Task instructions »
What's needed is an exact copy of the lines from the one that contains "Triple Room with Bathroom - Photo 2" to the end of the data below, leaving the pictures out.

Dataset section »
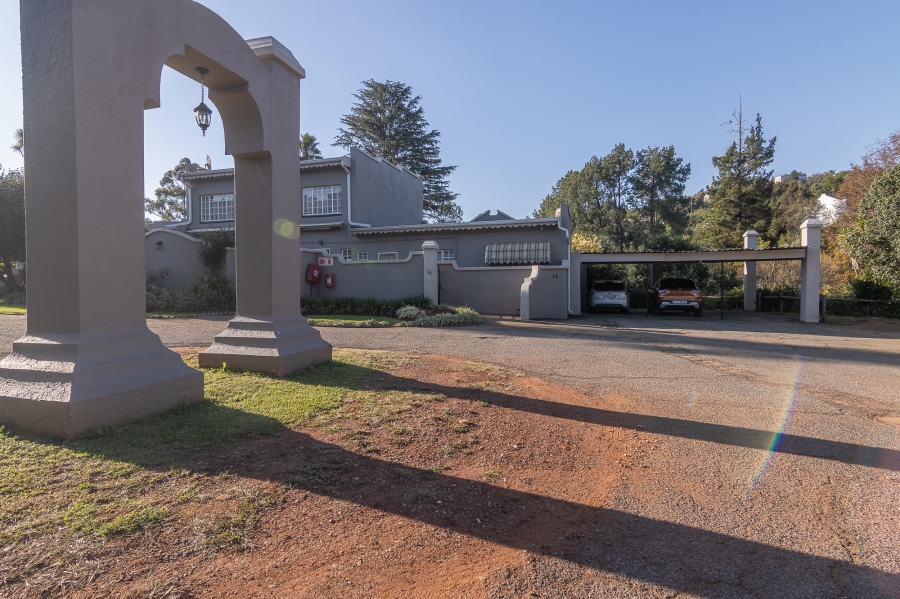 2 Bedroom Property for Sale in Helderkruin Gauteng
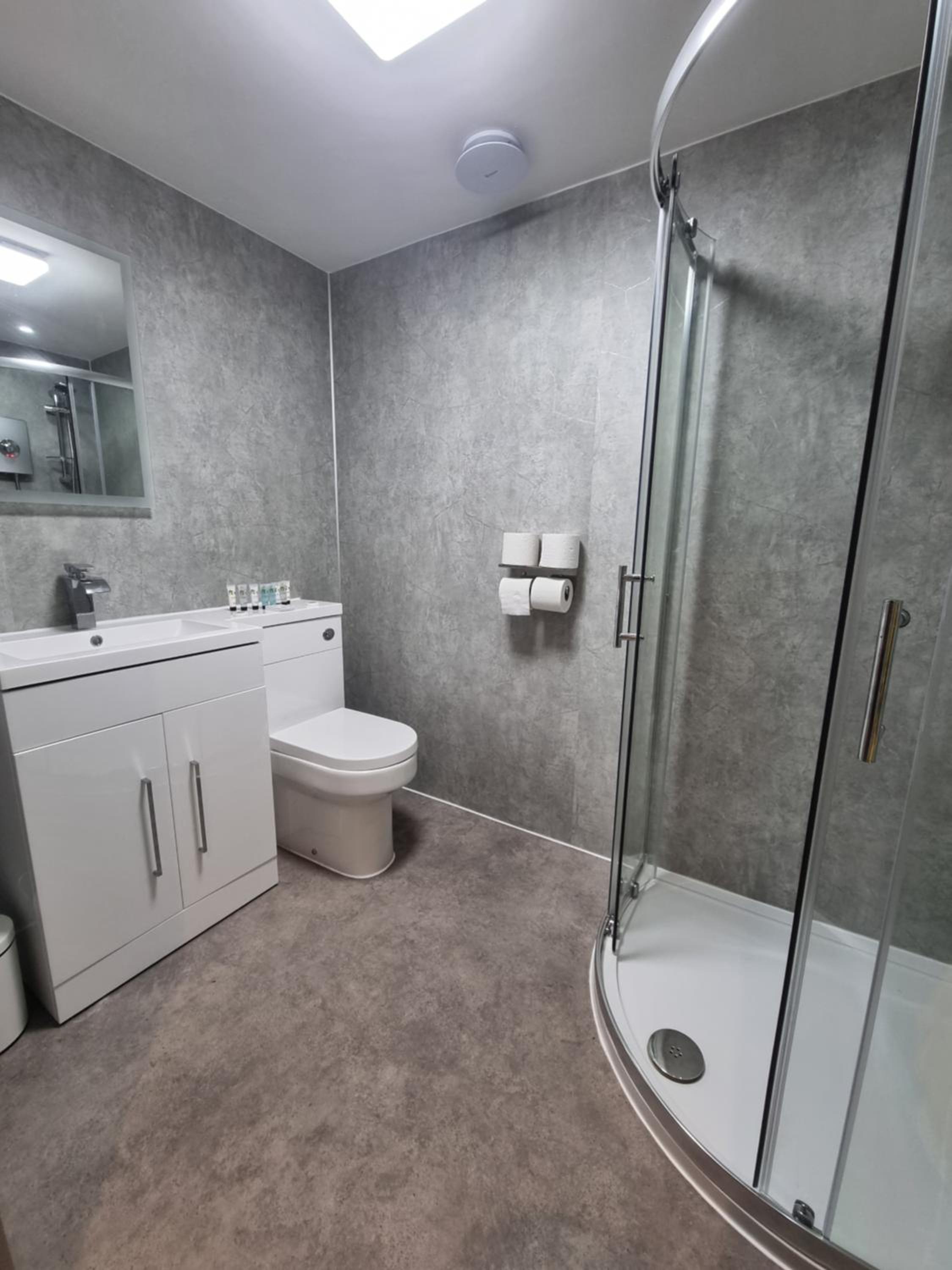 Triple Room with Bathroom - Photo 2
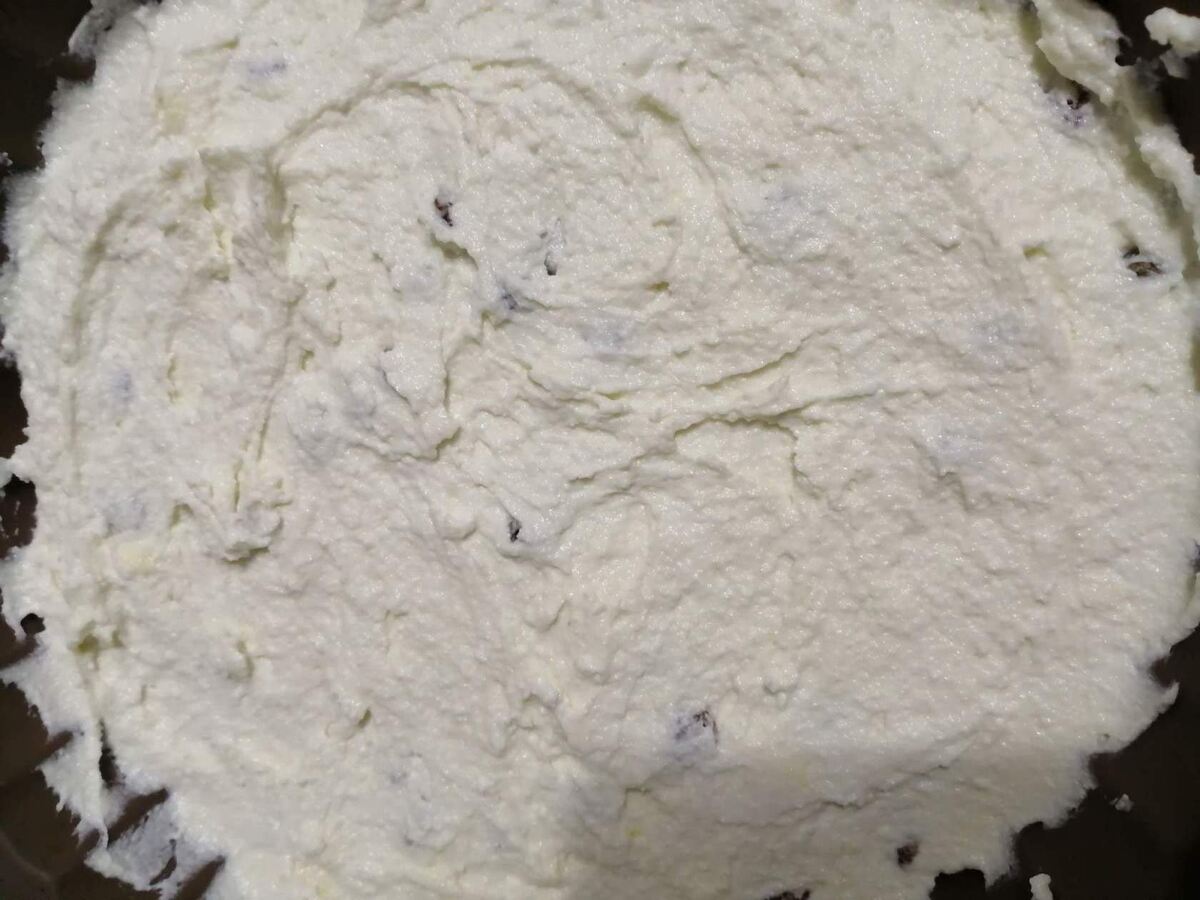 Рецепт простой: мука, творог, яйцо, масло сл., сахар и изюм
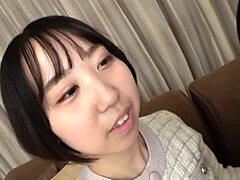 Cupluri japoneze amatoare fac un videoclip intim de casă, cu sâni mari și acțiune de rupere a cârjelor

Your solution »
 Triple Room with Bathroom - Photo 2
 Рецепт простой: мука, творог, яйцо, масло сл., сахар и изюм
 Cupluri japoneze amatoare fac un videoclip intim de casă, cu sâni mari și acțiune de rupere a cârjelor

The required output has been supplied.